The third, Growth phase, in which earnings typically pick up the baton, was also shorter than usual. It began at the start of 2021 and lasted through the market’s interest-rate-fuelled de-rating through most of 2022.
We have been in the final, Optimism stage of the cycle through the last three and a bit years, in which investors have become more confident, edging towards complacency in some corners of the market. In this period, as usual, valuations started to rise again and built on earnings growth. It’s a bit unusual for this phase to go on as long as it has or to deliver the 70 per cent or so inflation-adjusted market growth that we have enjoyed. But that doesn’t mean it can’t continue, if the fundamentals allow it.
They just about do. Earnings growth is forecast to be in the low double digits both next year and in 2027. That would not have been predicted during the tariff tantrum last April. It will go some way to justifying valuations, which in many cases are towards the top end of their 20-year range. In America, they have already pushed through into uncharted territory. Only in Europe, the UK and China do they sit closer to average levels.

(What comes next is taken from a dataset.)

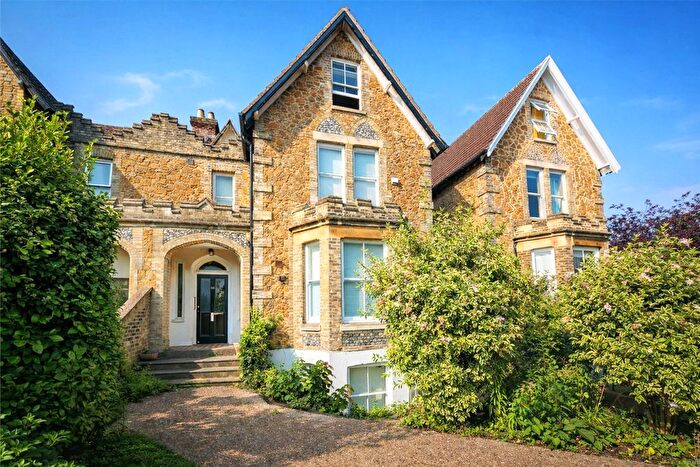 1 Bedroom Flat For Sale In Epsom Road, Guildford, Surrey, GU1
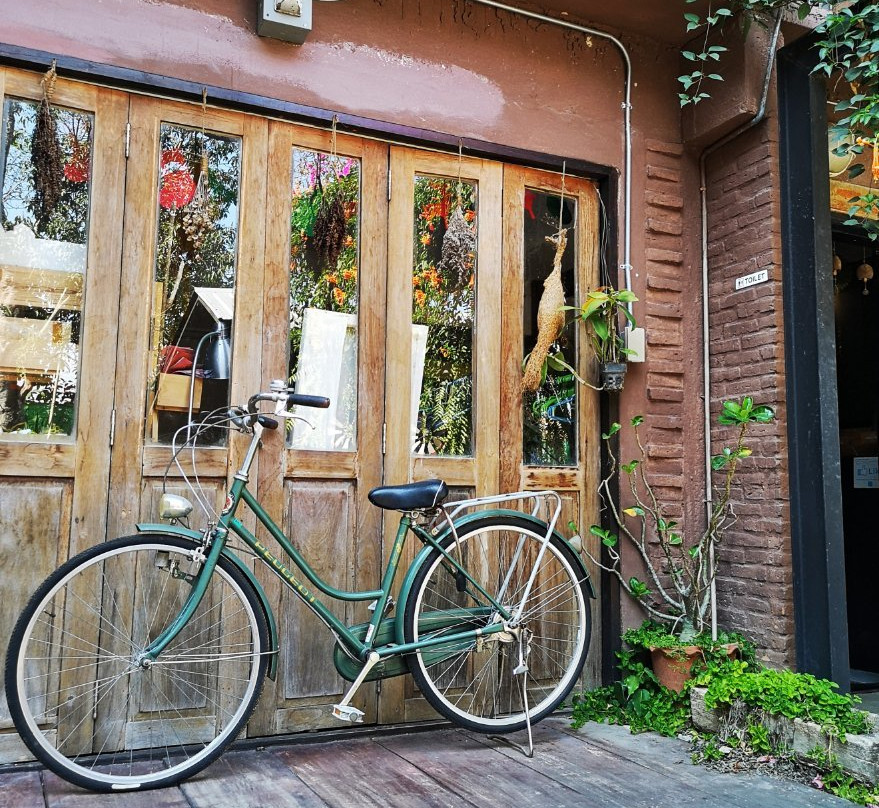 斯里努尔洛奇酒店主图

It is the divergence in market valuation and, as I discussed last week, in the relative performance of different regions that leads to the second key strategy for 2026 - diversification.
It worked well in 2025 because the US, which has led the pack for so long, finally underperformed its international peers, in Europe, Japan, and especially in emerging markets. I see no reason why this should not continue next year. China, in particular, is making similar progress to the US in terms of technology and innovation, but investors are only just spotting the opportunity and valuations are low.
Our analysts see Japan as a source of optimism. It is emerging from years of low inflation and matching interest rates. Wages are rising, pushing consumer spending power higher. Corporate reforms have fed the market and are being matched in Korea too.
It’s not just geographical balance that will pay off next year. As value sectors like financials and mining feel the benefit of a spillover of technology capital spending, the old economy is playing catch up. The Magnificent Seven is still expected to deliver nearly half of the S&P 500’s earnings growth next year, but that is less than this year as growth from the other 493 accelerates.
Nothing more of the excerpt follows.